Experimental and commercial release into the environment

The Korean Ministry for Food, Agriculture, Forestry and Fisheries MiFAFF) regulates labelling of unprocessed GM products and is responsible for conducting environmental risk assessments (ERA) of GM crops. The Korean Food and Drug Administration (KFDA) is responsible for the food safety approval of GM crops and the labelling of processed food products that contain GM components. The Ministry of Knowledge Economy (MKE) is the responsible authority for implementation of Korea’s obligations under the Cartagena Protocol on Biosafety (CPB).

No GM crops have been commercialised in Korea and as a result, the process for crop and food approval has only been applied to imported products to date.

Marketing approval

Currently, food safety approvals for GM crops are mandatory but ERAs are voluntary. When Korea’s Act on Transboundary Movement of Living Modified Organisms (LMO Act) takes effect (expected in 2008), it will implement Korea’s obligations under the CPB and ERAs will become mandatory. The scope of Korea’s ERAs has so far been limited to approval of GM crops for unintentional release into the environment.

As of July 2007, 50 GM events had received food safety approval and 21 had completed ERAs. Food safety approval has been given to M varieties of soybean, maize, cotton, canola, potato and sugar beet.

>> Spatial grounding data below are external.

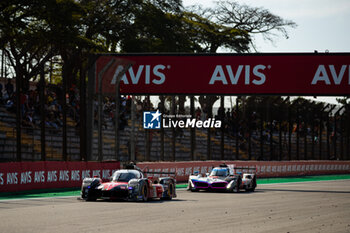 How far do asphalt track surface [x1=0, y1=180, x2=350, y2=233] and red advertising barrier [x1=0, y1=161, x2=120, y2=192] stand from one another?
2205 millimetres

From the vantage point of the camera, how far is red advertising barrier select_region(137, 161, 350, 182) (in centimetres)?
3456

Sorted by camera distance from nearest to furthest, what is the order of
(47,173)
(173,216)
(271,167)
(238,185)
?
(173,216) → (47,173) → (238,185) → (271,167)

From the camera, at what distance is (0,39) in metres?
35.3

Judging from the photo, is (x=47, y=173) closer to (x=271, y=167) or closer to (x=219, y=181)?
(x=219, y=181)

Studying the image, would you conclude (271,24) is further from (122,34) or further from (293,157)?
(122,34)

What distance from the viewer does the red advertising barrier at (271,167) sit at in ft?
113

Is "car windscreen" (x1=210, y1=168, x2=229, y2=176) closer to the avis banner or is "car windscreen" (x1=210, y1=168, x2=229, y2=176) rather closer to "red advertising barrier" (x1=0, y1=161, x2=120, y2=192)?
"red advertising barrier" (x1=0, y1=161, x2=120, y2=192)

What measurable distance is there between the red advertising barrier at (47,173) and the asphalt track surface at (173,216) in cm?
221

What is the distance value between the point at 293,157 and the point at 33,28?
2340 centimetres

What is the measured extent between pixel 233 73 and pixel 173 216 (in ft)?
61.3

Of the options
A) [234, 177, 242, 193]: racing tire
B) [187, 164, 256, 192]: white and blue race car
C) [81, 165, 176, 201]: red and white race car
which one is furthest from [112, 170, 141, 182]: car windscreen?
[234, 177, 242, 193]: racing tire

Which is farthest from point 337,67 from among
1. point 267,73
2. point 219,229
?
point 219,229

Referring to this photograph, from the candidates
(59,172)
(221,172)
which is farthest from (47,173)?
(221,172)

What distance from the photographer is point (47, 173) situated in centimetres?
2519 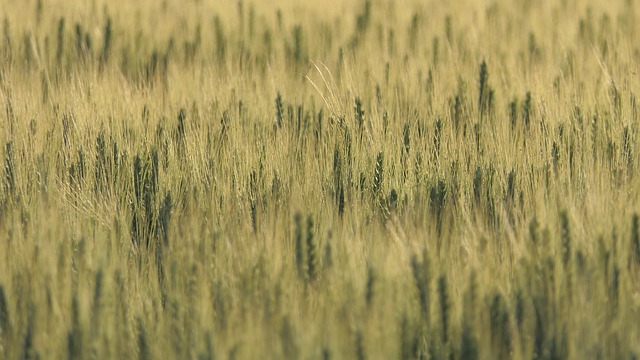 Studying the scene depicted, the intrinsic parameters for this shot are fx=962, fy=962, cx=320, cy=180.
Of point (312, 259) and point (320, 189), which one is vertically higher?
point (320, 189)

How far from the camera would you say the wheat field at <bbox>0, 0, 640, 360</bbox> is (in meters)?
1.72

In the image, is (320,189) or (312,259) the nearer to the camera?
(312,259)

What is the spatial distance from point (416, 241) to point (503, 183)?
0.68 m

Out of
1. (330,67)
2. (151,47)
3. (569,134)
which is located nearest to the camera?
(569,134)

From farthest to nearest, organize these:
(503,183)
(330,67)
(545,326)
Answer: (330,67) → (503,183) → (545,326)

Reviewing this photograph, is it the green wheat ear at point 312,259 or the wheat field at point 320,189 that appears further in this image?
A: the green wheat ear at point 312,259

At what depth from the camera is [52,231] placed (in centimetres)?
198

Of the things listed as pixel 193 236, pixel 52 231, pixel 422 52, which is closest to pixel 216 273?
pixel 193 236

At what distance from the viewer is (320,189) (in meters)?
2.47

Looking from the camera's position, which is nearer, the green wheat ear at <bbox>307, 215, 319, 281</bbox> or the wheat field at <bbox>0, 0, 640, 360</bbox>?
the wheat field at <bbox>0, 0, 640, 360</bbox>

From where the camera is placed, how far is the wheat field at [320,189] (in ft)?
5.65

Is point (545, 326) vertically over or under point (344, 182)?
under

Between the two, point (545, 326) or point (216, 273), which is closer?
point (545, 326)

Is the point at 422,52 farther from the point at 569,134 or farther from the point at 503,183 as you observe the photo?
the point at 503,183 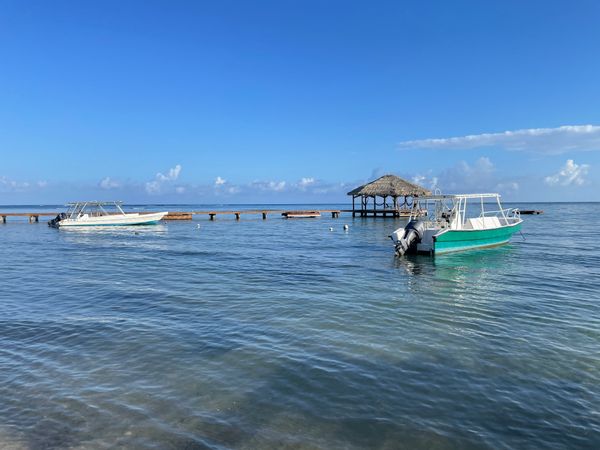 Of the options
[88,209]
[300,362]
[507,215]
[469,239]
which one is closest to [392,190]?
[507,215]

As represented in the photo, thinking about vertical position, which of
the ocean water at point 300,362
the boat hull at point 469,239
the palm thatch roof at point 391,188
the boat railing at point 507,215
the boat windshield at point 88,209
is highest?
the palm thatch roof at point 391,188

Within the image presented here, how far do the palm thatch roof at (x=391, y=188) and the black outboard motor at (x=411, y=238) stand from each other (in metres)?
34.1

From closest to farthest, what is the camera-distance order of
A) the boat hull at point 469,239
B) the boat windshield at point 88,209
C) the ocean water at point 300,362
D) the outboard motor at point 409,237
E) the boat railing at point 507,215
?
the ocean water at point 300,362 < the outboard motor at point 409,237 < the boat hull at point 469,239 < the boat railing at point 507,215 < the boat windshield at point 88,209

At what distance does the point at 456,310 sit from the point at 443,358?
13.3 ft

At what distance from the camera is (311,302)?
12.1m

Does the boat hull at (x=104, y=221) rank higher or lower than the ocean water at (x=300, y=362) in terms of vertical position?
higher

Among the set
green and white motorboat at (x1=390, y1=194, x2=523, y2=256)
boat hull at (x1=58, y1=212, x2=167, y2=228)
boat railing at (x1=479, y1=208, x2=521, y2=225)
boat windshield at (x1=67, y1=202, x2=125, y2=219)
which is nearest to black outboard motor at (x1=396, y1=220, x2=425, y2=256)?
green and white motorboat at (x1=390, y1=194, x2=523, y2=256)

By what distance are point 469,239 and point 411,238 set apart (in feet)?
14.0

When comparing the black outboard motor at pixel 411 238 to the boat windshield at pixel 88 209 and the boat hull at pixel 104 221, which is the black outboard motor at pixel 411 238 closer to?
the boat windshield at pixel 88 209

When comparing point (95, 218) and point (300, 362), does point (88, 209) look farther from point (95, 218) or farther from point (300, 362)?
point (300, 362)

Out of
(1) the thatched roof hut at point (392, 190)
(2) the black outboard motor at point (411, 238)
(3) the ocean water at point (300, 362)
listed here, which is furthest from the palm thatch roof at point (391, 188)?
(3) the ocean water at point (300, 362)

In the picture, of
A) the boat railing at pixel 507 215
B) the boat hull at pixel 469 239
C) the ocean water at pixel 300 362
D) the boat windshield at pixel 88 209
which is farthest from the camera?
the boat windshield at pixel 88 209

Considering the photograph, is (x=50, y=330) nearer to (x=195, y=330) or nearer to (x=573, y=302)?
(x=195, y=330)

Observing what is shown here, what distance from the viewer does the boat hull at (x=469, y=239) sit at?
22.5 meters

Korea has ratified the CPB, and is expected to start implementing its provisions in 2008. Korea imports both GM crops and processed products derived from GM crops. Maize imported for human consumption is nearly all identity-preserved non-GM. Soybean imported for food processing (not vegetable oil), for example tofu, bean paste, bean sprouts, is nearly all identity-preserved non-GM.

The KFDA maintains a zero-tolerance policy for the unintended presence of GM events in organic produce.

Korea still requires a ‘Starlink-free’ certificate and ‘Starlink-free’ statement to accompany all maize imports intended for food use from the USA. Korea also requires multiple testing of all shipments of rice from the USA to confirm the absence of LibertyLink® rice. Korea’s MiFAFF requires that two separate tests be carried out prior to loading and the KFDA requires a third test upon arrival. Once the rice is released into the market, the MiFAFF conducts a fourth test to verify the absence of LibertyLink® rice.


Unprocessed GM crops intended for human consumption that have been approved by the KFDA are required to carry GM labels. A 3 per cent adventitious presence of a GM event in a non-GM consignment is allowed and this tolerance level applies to 20 raw agricultural products approved by Korea including cottonseed, canola, soybean and maize. Vegetable oils and processed sugar are exempt from labelling requirements

For processing products, labelling for GM components is required for 27 different food categories if either of the following apply:
GM soybean or maize comprise one or more of the top five ingredients in the final product; or
Foreign protein or DNA inserted into the product using modern biotechnological methods is still present in the final product.

The KFDA has recently proposed expanding mandatory GM labelling to GM cotton, canola, canola and sugar beets (see note below).

In April 2007, MiFAFF introduced GMO labelling requirements for animan feed. Under these requirements, retail-packaged animal feed products are required to carry a GMO label on the packaging if GMO ingredients have been used.

United States Department of Agriculture - Foreign Agricultural Service (2007i).

Note: The recently proposed changes to the Republic of Korea’s KFDA GM labelling regime, which are yet to come into force, include:

  • processing foods that contain any GM agricultural ingredients must be labelled
  • previously exempt products (i.e. highly processed food such as soy sauce or cottonseed oiil) must be labelled (a three year grace period for this requirement is proposed)
  • GM-free labelling will be available but there will be zero tolerance for unintentional GM presence
  • GM-free labelling cannot be applied to products that can't be tested for GMOs (i.e. highly processed foods such as soy sauce or cottonseed oil)
  • GM labelling will also apply to alcoholic beverages.